A student objects to rules blocking refugees and visitors from certain countries, preventing them from coming to the USA

Early in his presidency, President Trump twice tried to temporarily halt entrance into the United States by all refugees and all persons from a handful of selected nations. In both cases, courts put restraining orders to present the executive orders from being enforced. The policy was controversial, and the student who wrote this reaction paper was very displeased by the policy, mainly because it seemed immoral, inhumane, and unjust.
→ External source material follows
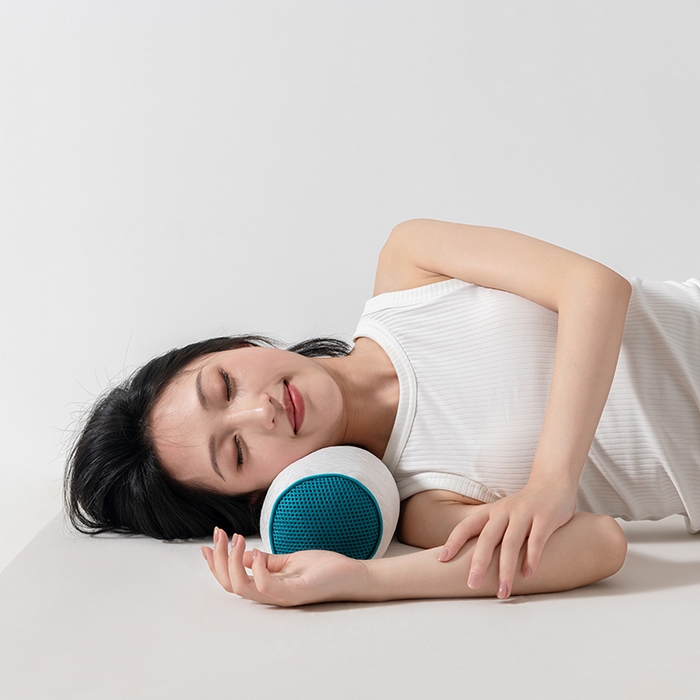 91家纺网 家纺一手货源 找家纺 （总）小米枕芯 2025新款记忆棉圆柱颈椎牵引小圆柱长条硬枕头枕芯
In light of recent political events, everyone has an opinion on the new president’s love of signing executive orders, a process that he criticized the last president for doing. One recent order that has gotten international attention would be the now popular “Muslim Ban”. He named this executive order “Protecting the Nation from Foreign Terrorist Entry into the United States”. In this order, he banned the travel and migration of citizens from the countries of Iraq, Iran, Somalia, Libya, Sudan, Yemen, and Syria. The order also stopped the re-entry of legal residents (with green cards) from coming back into the country. After this order was signed, millions revolted in opposition to this decision. While there were some in favor, it seemed as if the opposition was much louder and more vocal. People protested in airports, in the streets, and in front of the White House to show their dislike of the ban. 
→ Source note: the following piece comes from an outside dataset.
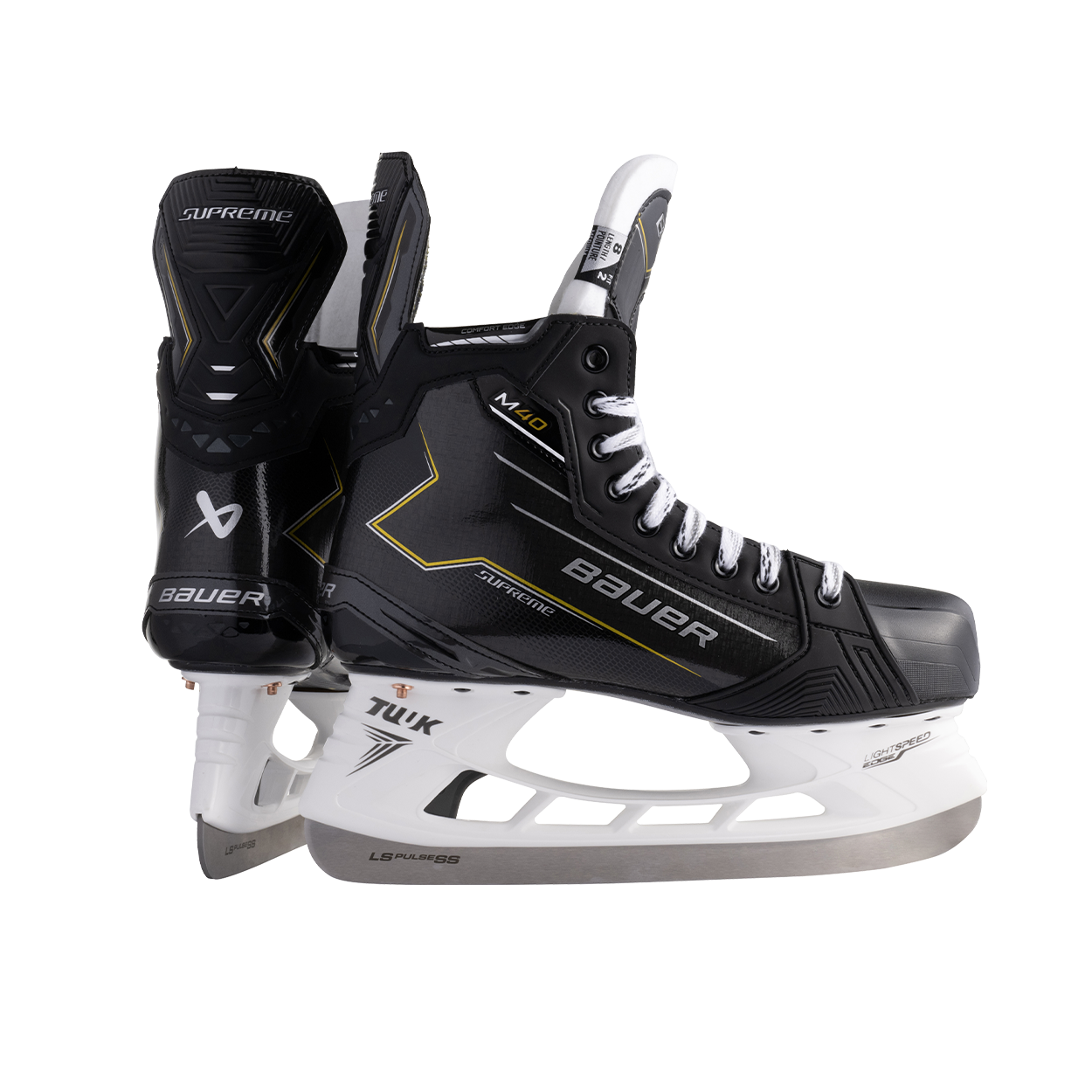 BAUER S24 SUPREME M40 -SR HOKEY PATENİ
My reaction to this is that this is a good way for us to have our tails in between our legs and run away scared. President Trump’s whole campaign played on the fear of Americans and he made promises that he intends to keep. I find it also hilarious that this is happening because this country’s history has been filled by people fleeing their home countries to find sanctuary here. The English Puritans, the Irish during the Irish Potato Famine, the radicals of Europe after the Revolutions of 1848, the Jews of Russia and Eastern Europe after pogroms, and the Vietnamese after the Vietnam War have all fled their homes and families to live in a peaceful world. This country has a monument that commemorates the tired, the poor, and the “yearning to breathe free”. One country in this ban is in almost total ruin due to a civil war and they would not like to live there anymore. Why should we deny millions access to come here based on actions of what a very few people did to us?
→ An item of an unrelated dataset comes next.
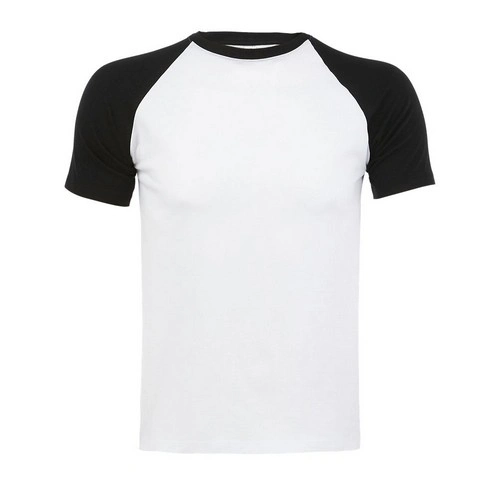 CAMISETA HOMBRE BICOLOR MANGA RAGLÁN SOL'S FUNKY REF S11190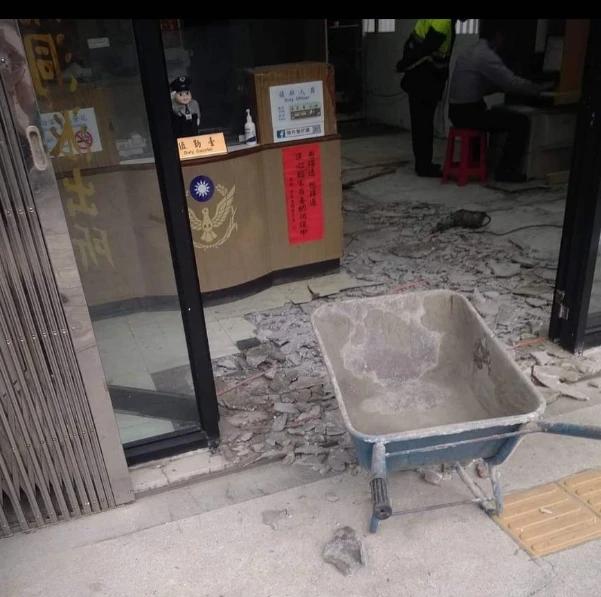 基隆拆除工程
Going off of that, yes, there were attacks done on to the American people and these attacks had radical Islam roots. But also take into consideration, Saudi Arabia, Turkey, and Egypt are not on this list and all of these countries had people tied to them and they carried out the attacks. The 9/11 hijackers were from Saudi Arabia. Osama bin Laden was from Saudi Arabia. The man who was the United States most wanted was not from any of the banned countries. So why aren’t these countries banned? A point may be that there is more travel or refugee traffic coming from the seven countries and not so much the three I gave in the beginning in this paragraph. Well maybe the citizens from those three countries are not in a civil war or in any hurry to better their lives unlike the other seven countries. 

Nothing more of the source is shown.